Der Gott dieses Geschichte ist nicht in der Mitte. Er ist ausserhalb, er erfordert Aufbruch und Vorübergehen, er ist der Gott des Exodus. Exodus ist kein einmaliges Ereignis. Christoph Dohmen spricht von der Existenzweise des Exodus, die sich durch die ganze Bibel zieht.2 Dabei stehen der Exodus der äusseren Bewegung und der Exodus der inneren Haltung in enger wechselseitiger Beziehung. Der Exodus führt in die Wüste. Die Wüstenzeit wird in Israel zur Chiffre für die stete Erinnerung an die besondere Beziehung zu Gott, der befreit, weiterführt und Zukunft gibt – aber nicht in der Mitte stehen bleibt. Für die Nachgeborenen, die das verheissene Land erreichen, sind Exodus und Wüstenzeit nicht zu Ende. Der Exodus ist das dauerhafte Unterwegssein zwischen Schon und Noch-nicht.

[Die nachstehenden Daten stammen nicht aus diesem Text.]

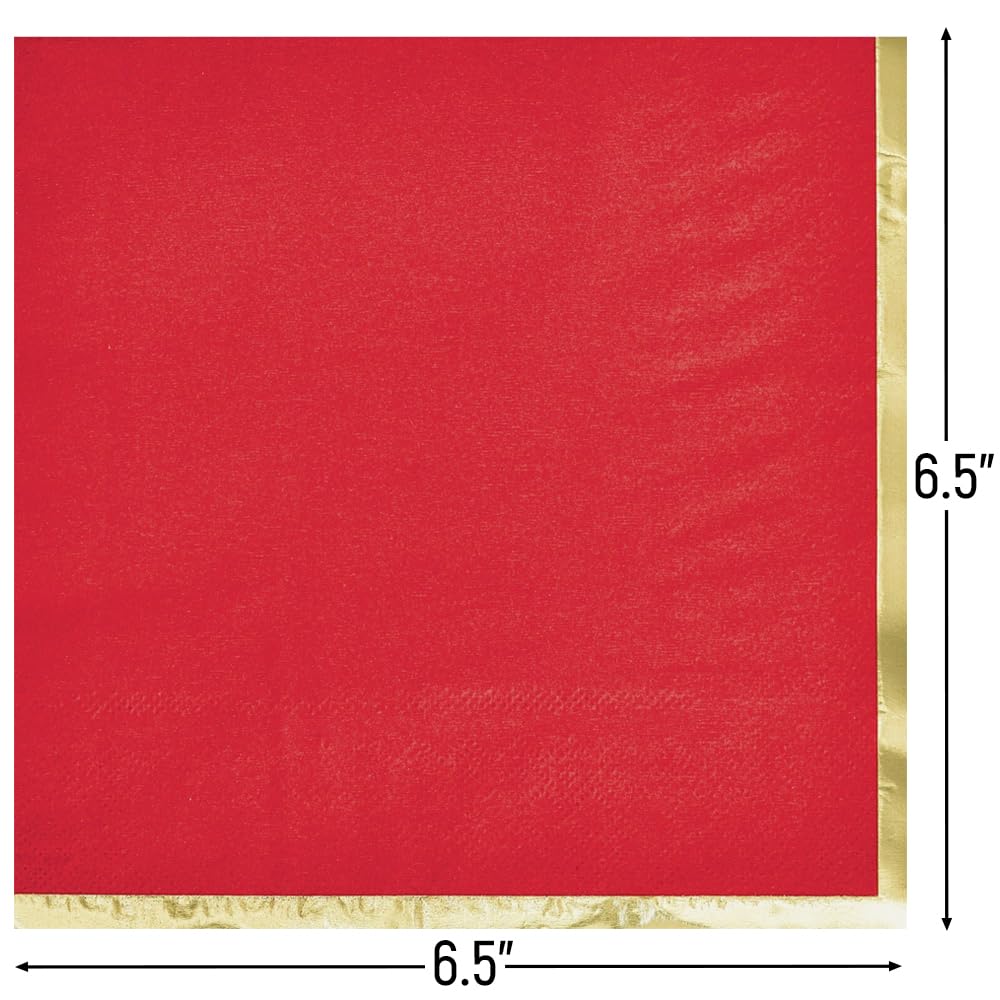 Papierservietten, 2-lagig, mit Heißstempel, 16,5 x 16,5 cm, 16 Stück, hochwertige und saugfähige Servietten, perfekt für Partys und Themenveranstaltungen, Apfelrot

Indem die rabbinische Tradition vom Brunnen der Mirjam spricht, lenkt sie die Aufmerksamkeit von Moses ab und richtet sie auf Mirjam. In Mi 6,4 wird sie gleichberechtigt mit Mose und Aaron als Anführerin beim Exodus genannt. Später werden ihre Leitungsfunktion – und die von Frauen insgesamt – verdrängt. Die Mitte wird mit Mose und Aaron männerzentriert besetzt. Trotzdem erhalten sich Spuren der Würdigung Mirjams – befreiende Gegentraditionen.

Mit der Kirche lesen

Die Erzählung im Johannesevangelium von der Begegnung am Brunnen erzählt vom Verlassen der Mitte, von zentralen Orten der Gottesbegegnung («weder auf diesem Berg noch in Jerusalem»; 4,21). Die Erzählung beginnt mit einem Aufbruch und führt weg von gewohnten Orten. Auch im Namen Jakob klingt die biblische Existenzweise des Exodus an. Die samaritanische Frau und die Jünger sehen im Verhalten Jesu das Überschreiten gewohnter Abgrenzungen (4,9 und 27). Die Frau am Brunnen wird zur Verkünderin und Missionarin. Mit der Würde und Funktion, die sie in der Geschichte zugesprochen bekommt, wird die Mirjamtradition aus der herrschenden Mitte heraus fortgeführt.

1 Im Internet zu finden unter www.wer-ohren-hat-der-hoere.de/gebeteundlebensweisheiten/spurenimsand/index.html.
2 Christoph Dohmen: Leben im Aufbruch, in: Bibel und Kirche 4/2007, Exodus, 206–209.